Even the printed receipt method can be scammed, by printing out what
the voter wants to see, then registering something else.

The ONLY way to be totally verifiable, is to keep a record of each
voter's votes, associated with his/her social security number. That way,
if enough people feel that some shenanigans went on, they could request
a recount, and see if their registered votes actually matched what they
did. Then you also could do some random sampling checking of each
precinct, by asking random voters to verify their votes.

There is also something like:

http://www.vreceipt.com/

Which I haven't spent time looking at closely, but on the surface
seems reasonable (of course since it is in the field of cryptography
looking reasonable doesn't mean much...)


Of course nothing can prevent a complete corruption of the system,
if the people running the election, counting the votes, and doing
the checking are corrupt then clearly there is nothing a voting
"system" can do about it.

Of once that happens the time until popular revolution probably isn't
that large. And of course that revolution doesn't have to be violent,
nation wide strikes and and such can have the same effect.

All that is necessary is that the thing that is counted is actually
the thing that the voter saw. Computer tallies with no audit trail are
unacceptable, computer tallies with random counts of real votes (and
hopefully complete counting of real votes - but that would take longer,
and for reasons I don't understand those Americans don't seem willing to
wait a few weeks for votes to be counted). You must assume the system
is honest, with safe guards against corrupt elements - a rogue voting
machine that reports incorrect tallies for example.

Voting secrecy could still be maintained by pgp encryption of the
records.
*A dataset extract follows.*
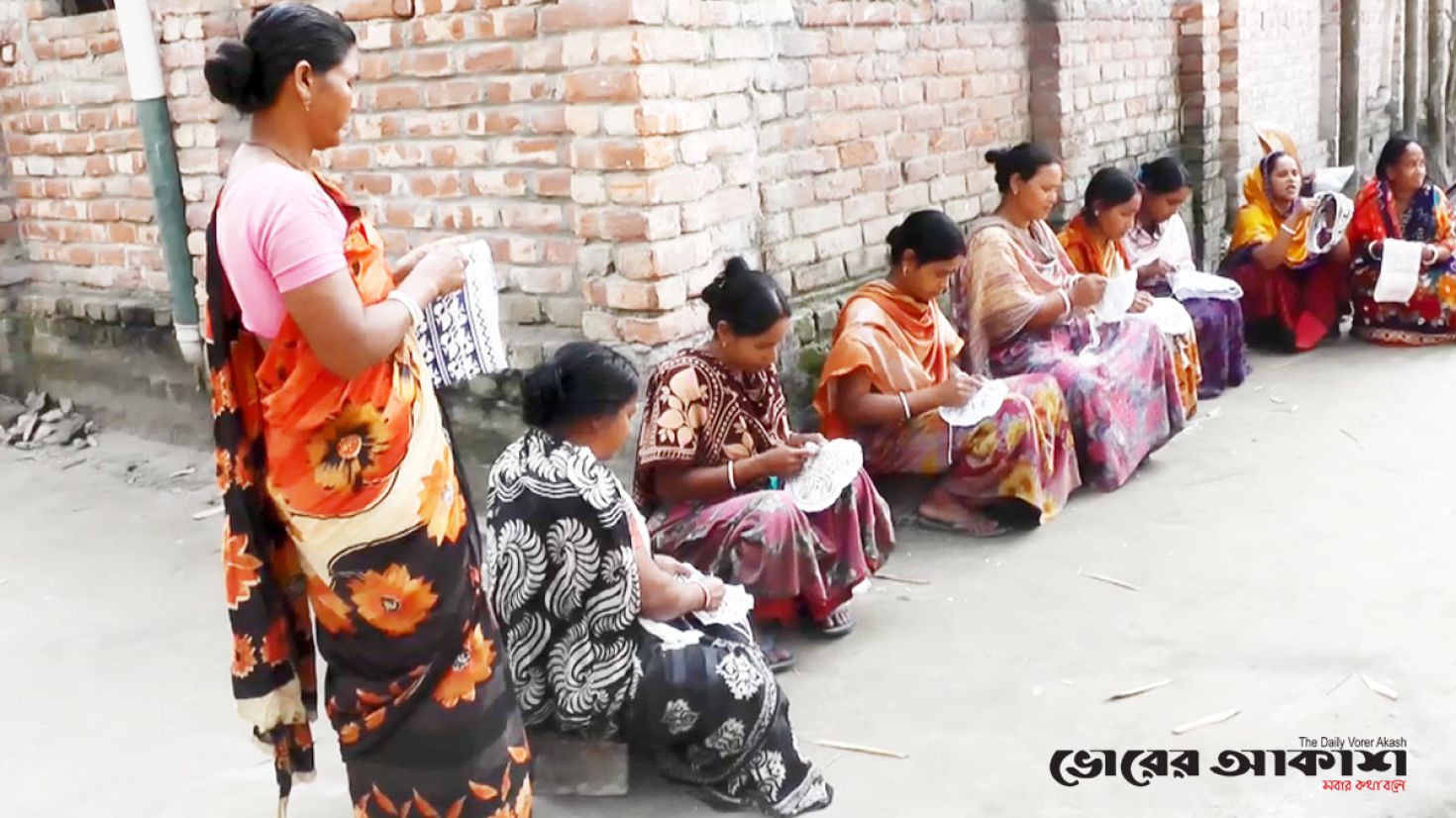 টুপি তৈরীতে স্বচ্ছল কাউনিয়ার নারীরা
Personally, I think the "secret ballot" no longer serves it's
original purpose, of protecting the voter from reprecussions, if they
"vote wrong". In this day and age of "homeland security surveillance",
the government can learn about your personal ideas by eavesdropping,
which is probably a more reliable indicator than how you vote.
So now-a-days, the only people who benefit from secret ballots, are the
"election-fixers".

The secret ballot works as long as people think it is secret (or secret
enough anyway). People vote differently in secret ballots than they
do in "raise your hand" voting - humans are social animals and modify
their behaviour for social gain. This is easily seen by the large errors
in opinion polls and exit polls when their is a party that holds "popular"
views which are not socially acceptable (of course once the party wins
some votes the polls change as people feel safer being honest).


[snip voting scheme]
Of course, all this should be written in Perl, :) Because it is
easier to check for validity. There also could be alot of post-election
checks that could be run on these records, which would be done
in a fast electronic manner.

I congratulate your far superior ability than mine in managing to
pretend to be on topic.
 
P

Peter Hickman

zentara said:
How about this. You go into vote, insert your usb memory key with your
public and private pgp keys on it.

This is even worse! You are risking giving your private PGP key away.
ALSO, your private key is copied and
saved under the generated anonymous hash name, with a link to which
saved vote record it pertains to.

No you are deliberately giving your private key away.

You really haven't got a clue about the use of public and private keys
and you have missed the point entirely. You are going to use a machine
and give it access to your public and private keys - if anyone managed
to put a backdoor into the voting machine they could syphon off both and
now nothing you ever do will be safely encrypted.

Whilst you are at it why not give it your bank details, mothers maiden
name and pin number.

Also remember that as the machine has your private key it can encrypt
any vote it feels like with your own key.